Problem
Leave out the pictures and restate exactly, and only, the lines from the one that contains "Apartamento à venda com 70m², 2" through the final line of the material below.

┄┄┄┄┄┄┄┄┄┄┄┄┄┄┄┄┄┄┄┄

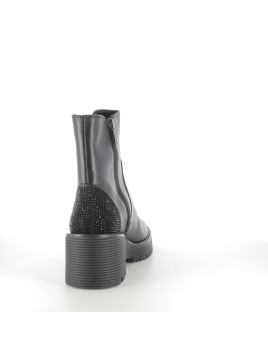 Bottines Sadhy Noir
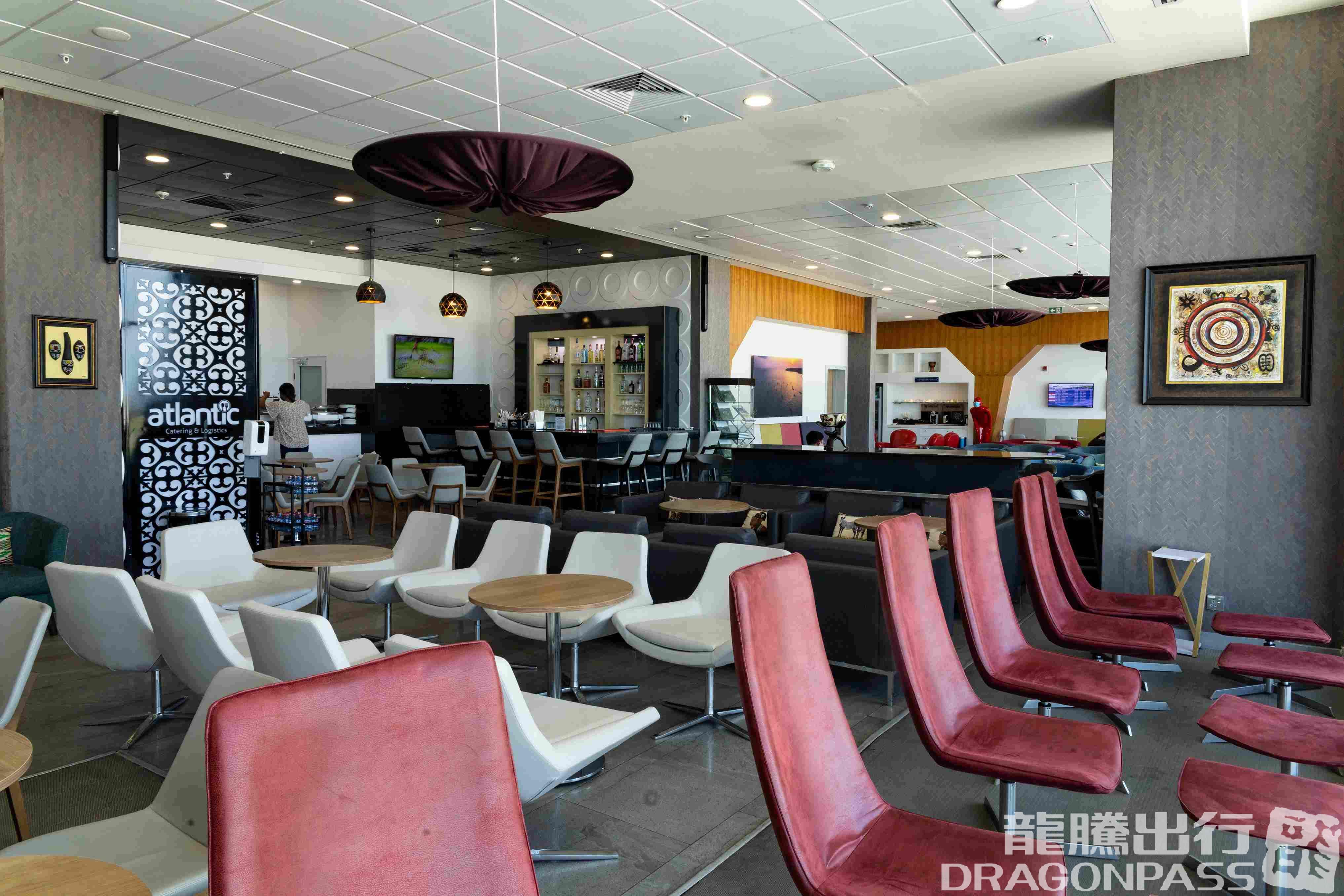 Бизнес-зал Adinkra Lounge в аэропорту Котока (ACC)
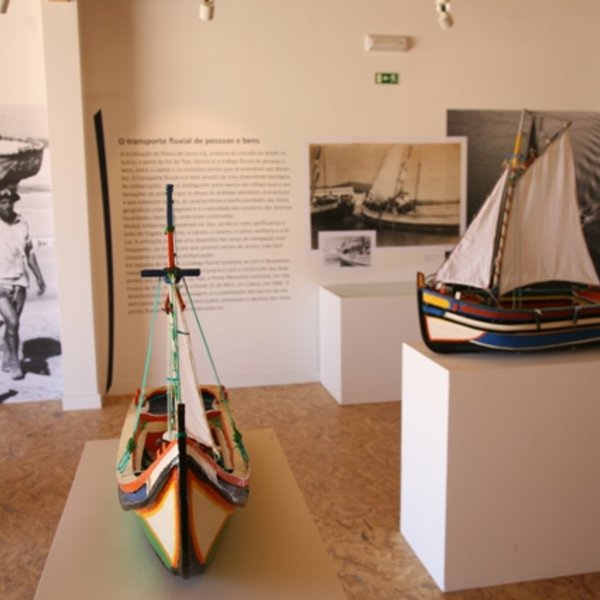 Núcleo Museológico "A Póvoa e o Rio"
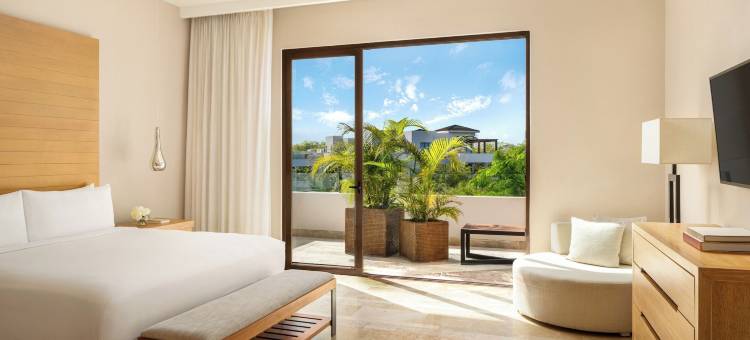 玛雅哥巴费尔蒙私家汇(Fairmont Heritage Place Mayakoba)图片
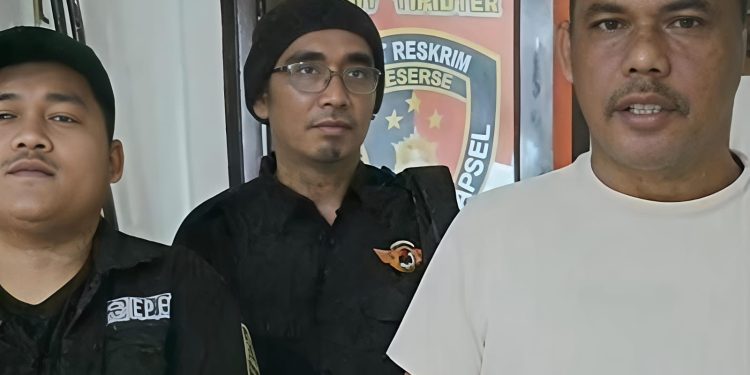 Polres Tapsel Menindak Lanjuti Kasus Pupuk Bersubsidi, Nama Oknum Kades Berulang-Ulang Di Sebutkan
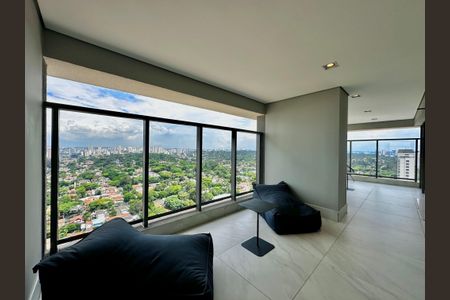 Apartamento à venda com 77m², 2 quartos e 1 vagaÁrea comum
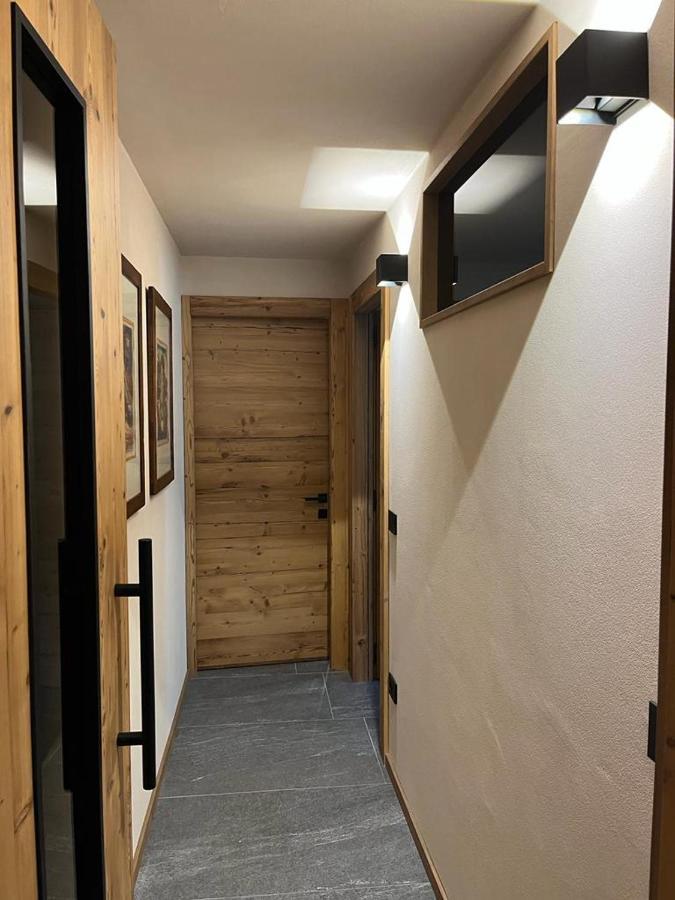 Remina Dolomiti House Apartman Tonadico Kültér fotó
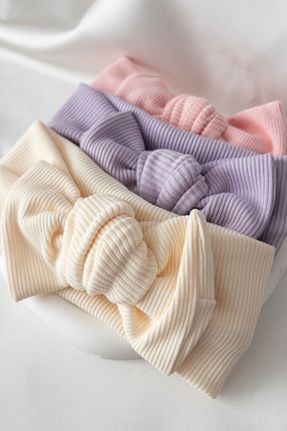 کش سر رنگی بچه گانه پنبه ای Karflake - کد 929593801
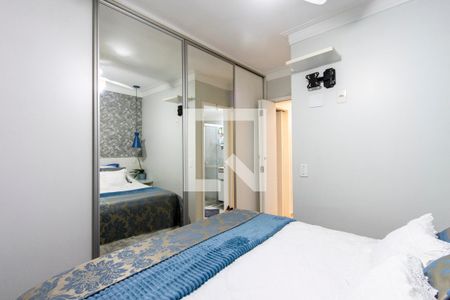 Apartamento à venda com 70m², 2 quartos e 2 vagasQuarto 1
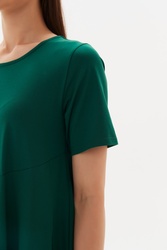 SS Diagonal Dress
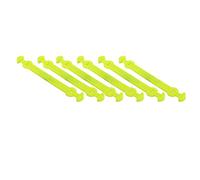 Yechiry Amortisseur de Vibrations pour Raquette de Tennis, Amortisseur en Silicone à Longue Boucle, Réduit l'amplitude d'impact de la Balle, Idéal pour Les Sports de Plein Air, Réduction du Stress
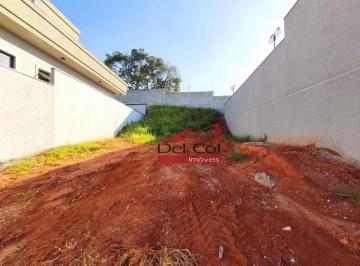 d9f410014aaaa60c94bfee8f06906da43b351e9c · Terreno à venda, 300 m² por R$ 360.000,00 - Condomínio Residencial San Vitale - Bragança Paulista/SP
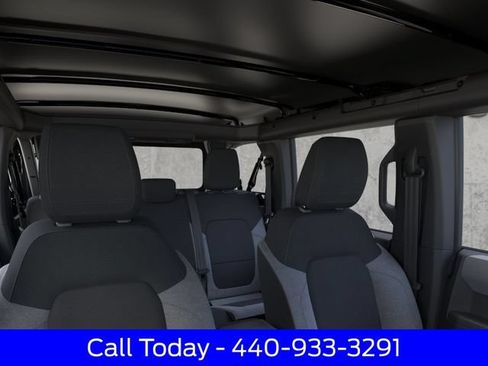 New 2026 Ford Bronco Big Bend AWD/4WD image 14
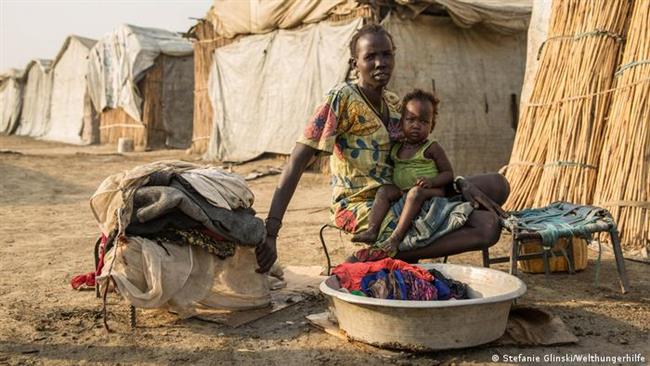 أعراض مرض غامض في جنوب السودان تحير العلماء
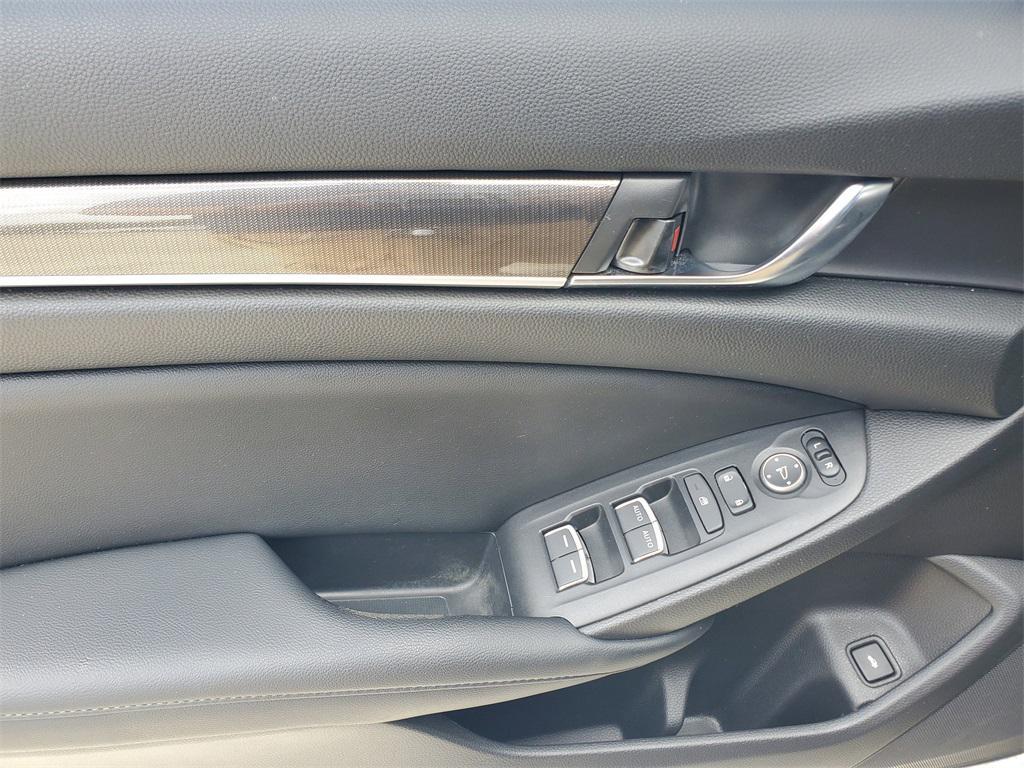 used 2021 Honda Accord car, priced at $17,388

┄┄┄┄┄┄┄┄┄┄┄┄┄┄┄┄┄┄┄┄

The completed task
 Apartamento à venda com 70m², 2 quartos e 2 vagasQuarto 1
 SS Diagonal Dress
 Yechiry Amortisseur de Vibrations pour Raquette de Tennis, Amortisseur en Silicone à Longue Boucle, Réduit l'amplitude d'impact de la Balle, Idéal pour Les Sports de Plein Air, Réduction du Stress
 d9f410014aaaa60c94bfee8f06906da43b351e9c · Terreno à venda, 300 m² por R$ 360.000,00 - Condomínio Residencial San Vitale - Bragança Paulista/SP
 New 2026 Ford Bronco Big Bend AWD/4WD image 14
 أعراض مرض غامض في جنوب السودان تحير العلماء
 used 2021 Honda Accord car, priced at $17,388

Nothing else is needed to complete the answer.